Nutuk/16. bölüm/Kâzım Paşa'ya "Cumhuriyetin ilânına mâni olabilirsen memlekete büyük hizmet etmiş olursun" diyen Rauf Bey asla cumhuriyet tarafdârı olamaz

Rauf Bey, beyânâtının delâlet ettiği mâna ve fikirleri birer suretle tevil ve tefsir ederek dedi ki: “Duygularım, Cumhuriyet- i idâreden başka hiçbir idârenin tarafdârı olmadığım merkezindedir.” Rauf Bey’in, bu itirafı azanın mûcib-i memnuniyeti oldu ve (bravo sesleri) ile karşılandı.

Rauf Bey, “aziz duygularım”, “kutsî duygularım” diye söylediği bu sözlerinde samimî ve ciddî miydi?! Ben, bilâ-tereddüt, hayır; diyorum, Efendiler. Çünkü Ankara’dan mufarekatinde, kendisine Cumhuriyet’ten bahseden Kâzım Paşa’ya (Meclis Reisi): “Buna mâni olabilirsen memlekete büyük hizmet etmiş olursun!” diyenin Rauf Bey olduğunu biliyorum.

Rauf Bey, Cumhuriyet’i tertip ve ilân eden gayr-i mes’ûllerden, birtakım müşavir ve mütehassısları kastettiğini de söyleyerek bunda da su-i tefehhüm olduğunu anlatmak istedi ve “böyle olunca benim kullandığım ifadeden şu veya bu zat gayr-ı mes’ûldür anlaşılmasın, bunu benden beklemek hata olur.” dedi.

Rauf Bey, bu tevil ile de gösteriyordu ki bugünkü Fırka ictimâında, Fırka’nın su-i nazarını celp etmeksizin, maksatlarını söylemeyi temîn için icap eden noktalarda ricât ve tevil tarîkini tutmuştu.

Fi’l-hakika, asıl nokta-i nazarından vazgeçmiş değildi.

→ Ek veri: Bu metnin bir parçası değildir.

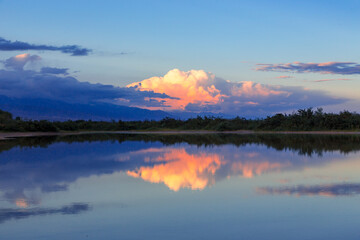 Beautiful sunset by the lake. Bright clouds are reflected in the water. Kyrgyzstan.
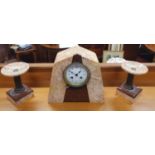An Art Deco period three-piece Marble Clock Garniture. The clock with arched outline with inlaid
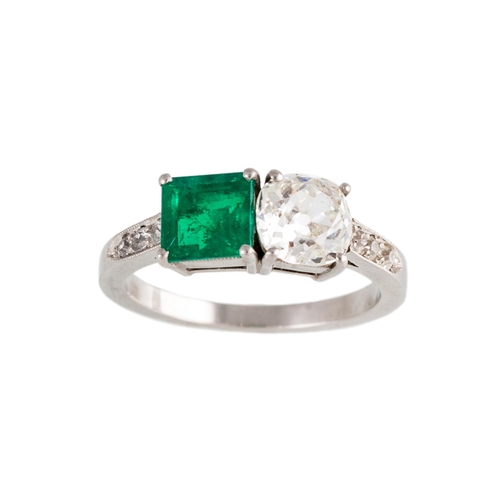 46 - AN EMERALD AND DIAMOND TWO STONE RING, set with an old cut diamond and a rectangular emerald, to dia... 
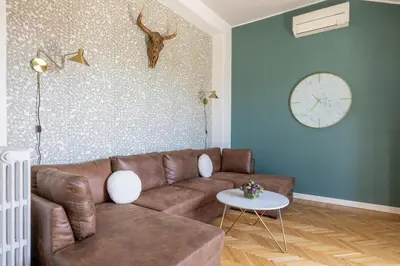 a living room with a brown couch and a clock on the wall at Dolce Vita Penthouse in Rome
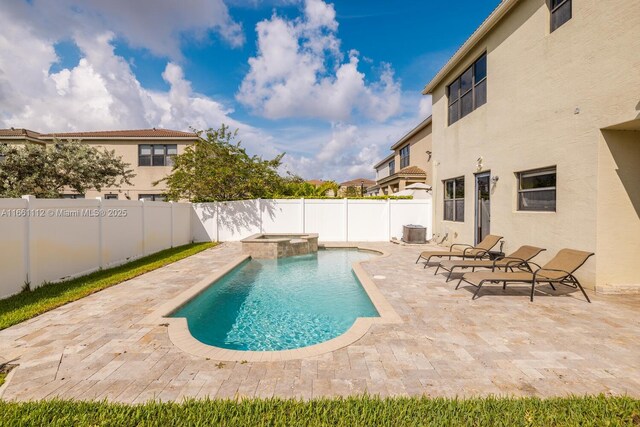 view of swimming pool featuring cooling unit and a patio area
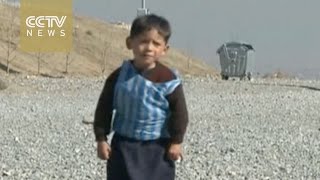 Five-year-old photographed wearing 'messi 10' plastic bag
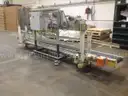 Fischbein Mdl. PILS 300 Inline bag sealer with conveyor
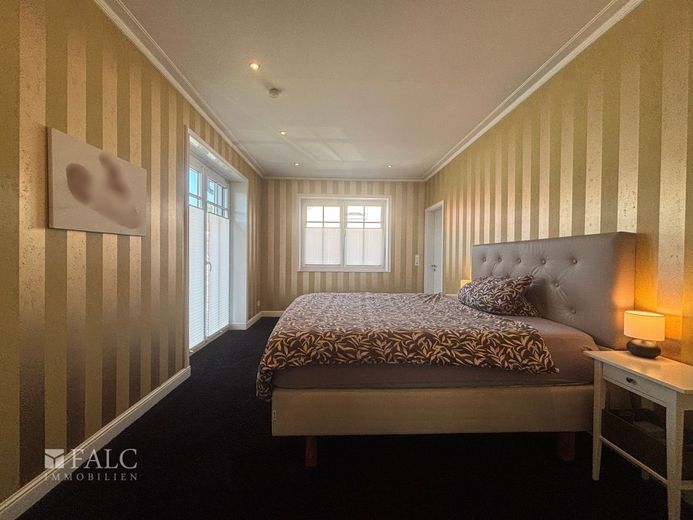 Moderne 3 -Zimmer-Wohnung mit Smart-Home, Dachterrasse &amp; hochwertiger Ausstattung – Schlafzimmer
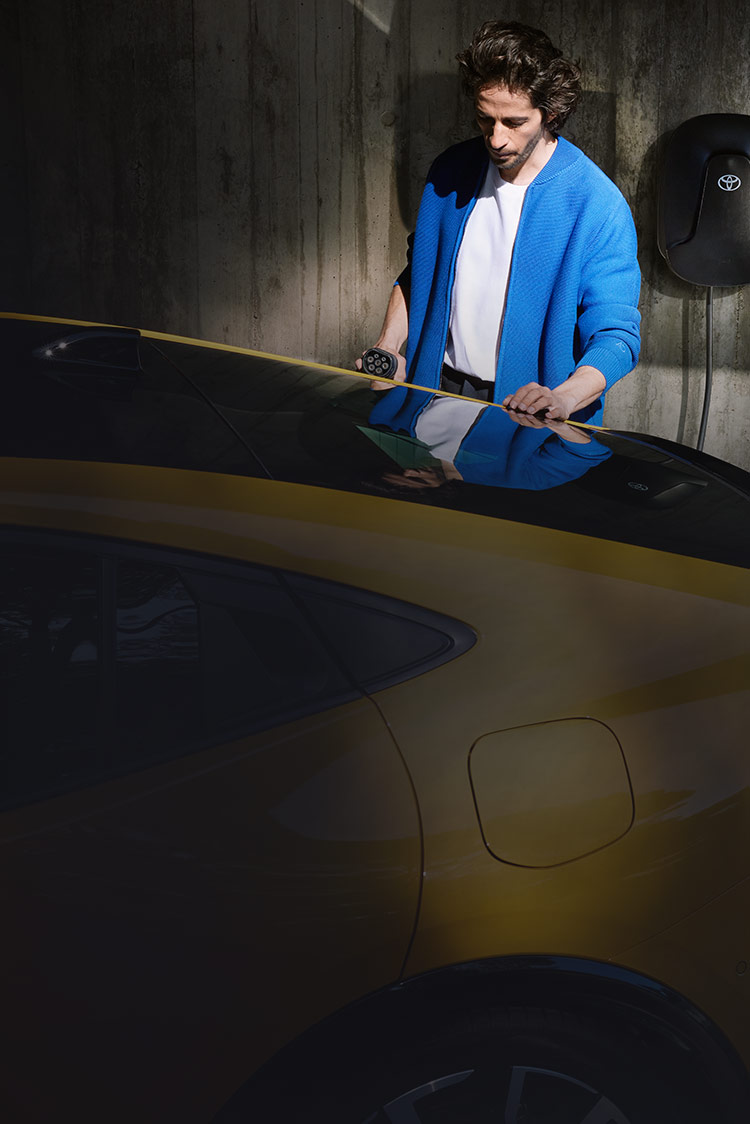 Mann in blauer Jacke hält Ladekabel einer Wallbox in der Hand und schließt es an sein Auto an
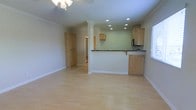 This single-floor space offers an open, airy layout that combines the living and kitchen areas into one cohesive environment. Light hardwood flooring runs throughout, contributing to a warm and welcoming ambiance that reflects natural light from a window along the side wall. The living area is generously sized, with crown molding along the ceiling and a ceiling fan with light fixture providing both comfort and style. Recessed lighting is thoughtfully installed throughout, offering bright, even illumination across the space. The kitchen is defined by a raised breakfast bar with a dark countertop that provides a natural visual boundary between the cooking and living zones. Light maple cabinetry lines the kitchen walls, offering ample storage, while a built-in microwave and sink add practical functionality. A column detail near the kitchen entry adds an architectural touch that subtly frames the transition between spaces. Adjacent to the main living area, a hallway leads to additional rooms, with a full-height storage closet visible nearby. The overall palette — soft green walls, white trim, and natural wood tones — creates a calm, neutral aesthetic that is both functional and inviting.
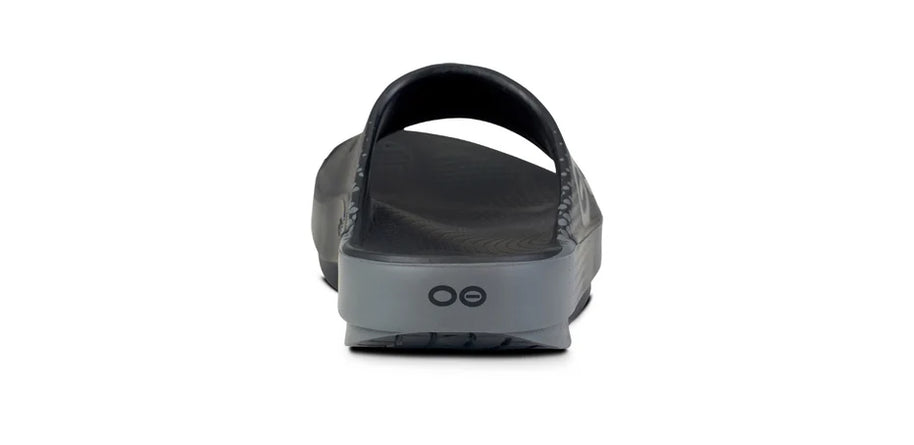 OOahh Sport - Unisex by Oofos in black and grey with OOfoam strap for support, comfort, and shock absorption, ideal for active recovery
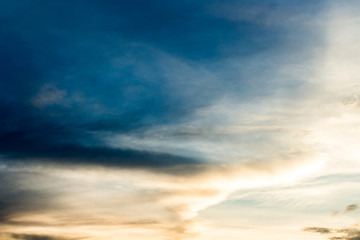 colorful dramatic sky with cloud at sunset.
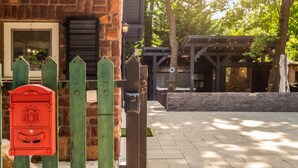 Un bâtiment en briques avec une boîte aux lettres, une clôture en bois et un espace extérieur aménagé avec des sièges.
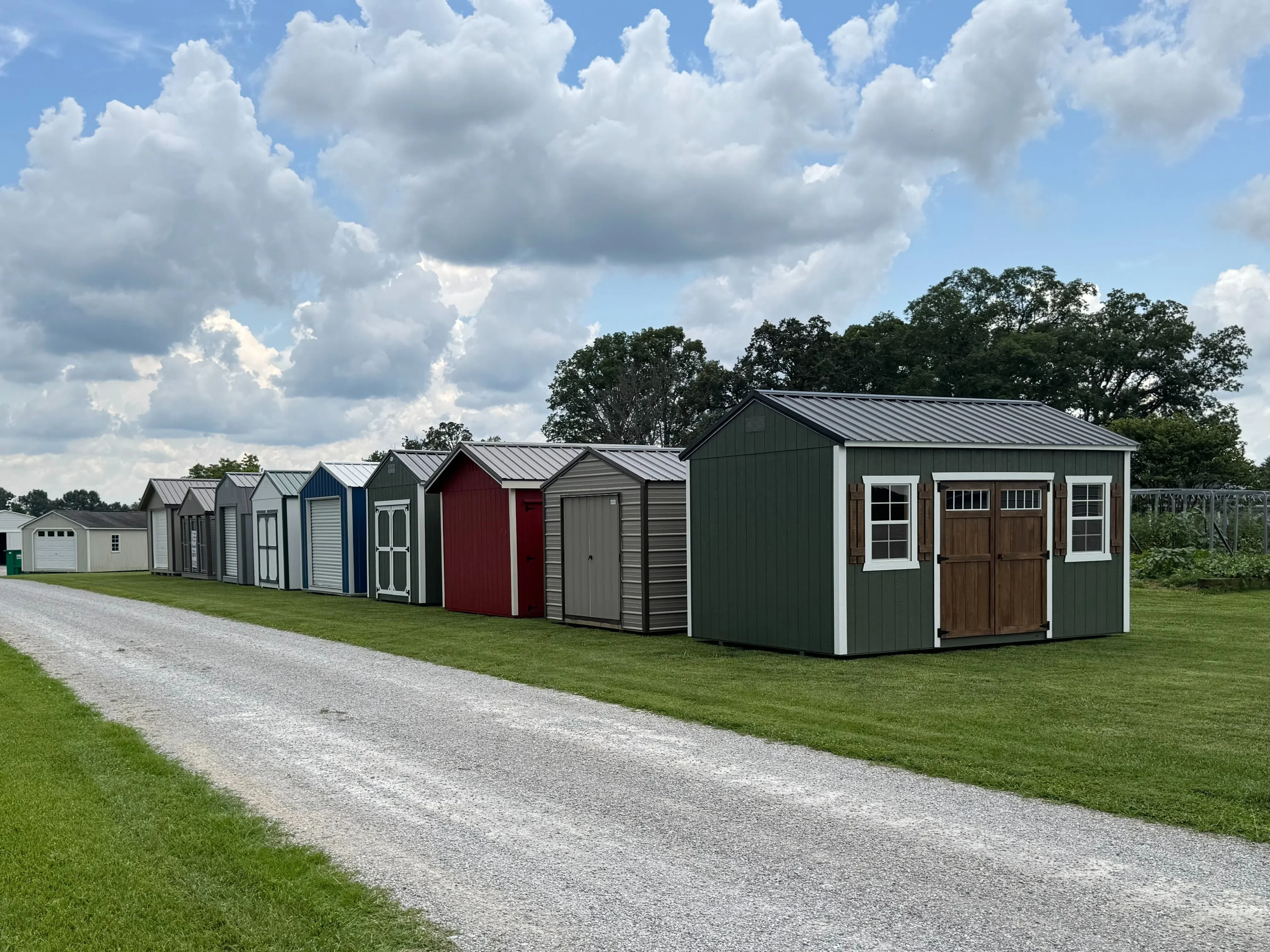 colorful row of sheds sitting by a gravel drive in green grass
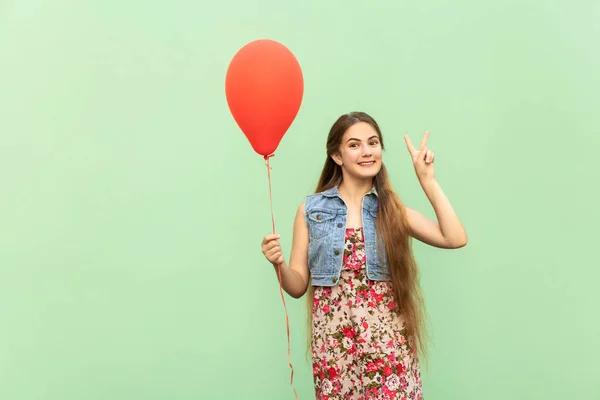 Signo V! A bela adolescente loira com balões vermelhos em um fundo verde. Estúdio isolado tiro — Fotografia de Stock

Meselâ şu sözlere dikkat buyurunuz: “Türkiye Hükümeti’nin şekli nedir? diye vâki olan suallere karşı der-hatır buyurulur ki Büyük Reisimiz, bu kürsüden müsbet bir cevap olarak ilân buyurdular ki Türkiye Büyük Millet Meclisi Hükümeti şeklidir. Hangi idâreye benziyor dediler. Bize benziyor çünkü biz, bize benzeriz. Bize mahsus idâredir buyurdular. Bu, benim vicdanımı tatmîn eden en yüksek bir ifade idi ve buna itiraz etmek çok müşkildir ve zannetmem ki insaf ile itiraz edecek hariçte ve dahilde adam bulunsun. Bu tatmînkâr ve büyük sözlerden sonra, bunun böyle, kabine buhranı yüzünden idâre edilemez bir şekil olarak gösterilip de isim farkı kadar olan Cumhuriyet kelimesinin konmasını, eskisine bu kadar itimat ettiğimiz ve halkın itimat ettiği bir şeklin sakat olduğu bir buhran zamanında anlaşıldı ve bir yeni idâre geldi.” “Bu his ile mütehassis olanların mürteci olduklarını zannetmeyeceğinizden emin olarak söylüyorum, acaba bu da nakıs görülür de bunu ikmâl edecek bir şekil var mıdır? diyenler tereddüt ve endişe ettiler.”

“... Bir ahali ki Cumhuriyet’e tarafdârdır, bir ahali ki hâkimiyet-i milliye bilâ-kayd ü şart millette oldukça Cumhuriyet’ten başka bir şey yoktur, bunu istiyor, istiyor ama tatbik edemeyiz de diğer bir şekil suretinde kalırız, diye teessür ve endişe duyarsa.... meyus mu olmak lâzımdır, memnun mu olmak lâzımdır.”